- Le gouvernement va-t-il prendre des mesures pour baisser les prix des carburants comme en Allemagne, en Espagne ou encore en Grèce ?
- Un décret en ce sens est en préparation mais suscite déjà une vive opposition des principaux distributeurs français.
- Les explications dans le reportage du 20H de TF1 ci-dessous.

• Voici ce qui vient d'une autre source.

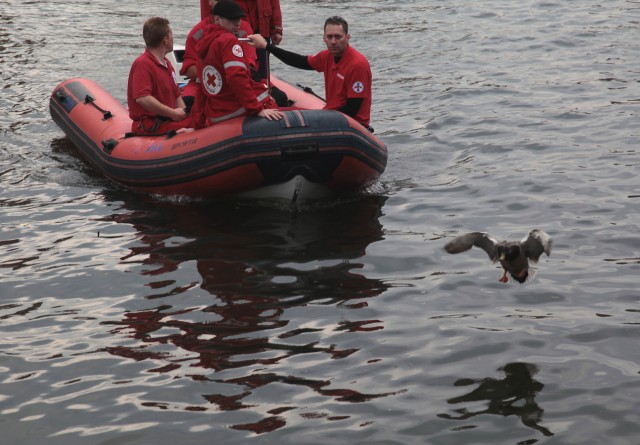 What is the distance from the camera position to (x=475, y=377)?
561cm

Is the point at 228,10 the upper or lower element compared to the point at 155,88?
upper

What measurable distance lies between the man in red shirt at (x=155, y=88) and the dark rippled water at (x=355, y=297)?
2.35 ft

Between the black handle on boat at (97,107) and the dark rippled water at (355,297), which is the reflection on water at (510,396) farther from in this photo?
the black handle on boat at (97,107)

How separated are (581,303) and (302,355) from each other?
194 cm

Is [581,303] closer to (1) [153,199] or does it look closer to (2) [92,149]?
(1) [153,199]

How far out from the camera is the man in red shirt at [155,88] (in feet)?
29.2

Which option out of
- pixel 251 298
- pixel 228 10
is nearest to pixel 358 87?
pixel 228 10

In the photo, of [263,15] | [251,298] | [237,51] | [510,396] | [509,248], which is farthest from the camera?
[263,15]

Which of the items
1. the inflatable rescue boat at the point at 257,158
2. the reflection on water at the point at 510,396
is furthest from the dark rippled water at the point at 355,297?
the inflatable rescue boat at the point at 257,158

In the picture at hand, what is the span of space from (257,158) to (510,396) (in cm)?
349

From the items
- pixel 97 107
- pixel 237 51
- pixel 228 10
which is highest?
pixel 228 10

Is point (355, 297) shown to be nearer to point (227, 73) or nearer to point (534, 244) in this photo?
point (534, 244)

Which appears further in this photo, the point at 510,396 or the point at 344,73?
the point at 344,73

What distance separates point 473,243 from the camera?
6324mm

Suivez la couverture complète
Le 20H
Le coût des carburants reste très élevé pour les automobilistes. Dans cette station de la région parisienne par exemple, le litre de sans-plomb s’élève à 1,99€. De quoi provoquer le ras-le-bol chez certains consommateurs. « Ça reste 2€ le litre, ça fait quand même très cher l’essence »,
confie l’un d’entre eux dans le reportage du 20H de TF1 visible en tête de cet article.

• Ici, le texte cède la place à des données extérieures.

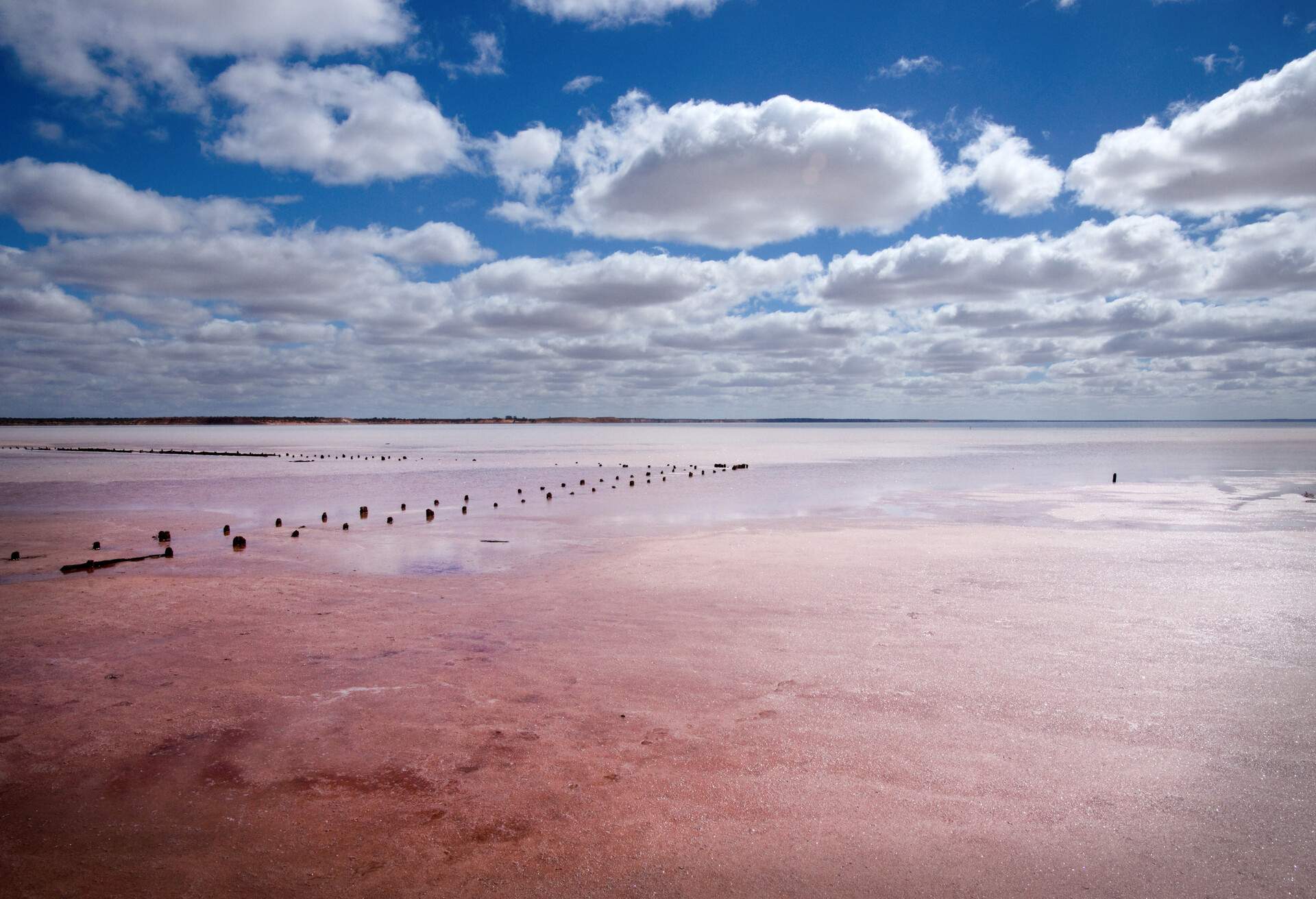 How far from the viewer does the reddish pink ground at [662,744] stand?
13.7ft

Face à l’inquiétude des automobilistes, le gouvernement réfléchit désormais à encadrer les marges des distributeurs, pour qu’elles ne dépassent pas celles du début du conflit. Le 28 février, le litre de sans-plomb était à 1,71€, les marges des distributeurs entre 1 et 3 centimes. Le 10 avril, il atteint 1,99€ en moyenne sur tout le territoire. Même à ces prix-là, la marge devra toujours se situer entre 1 et 3 centimes, pas plus.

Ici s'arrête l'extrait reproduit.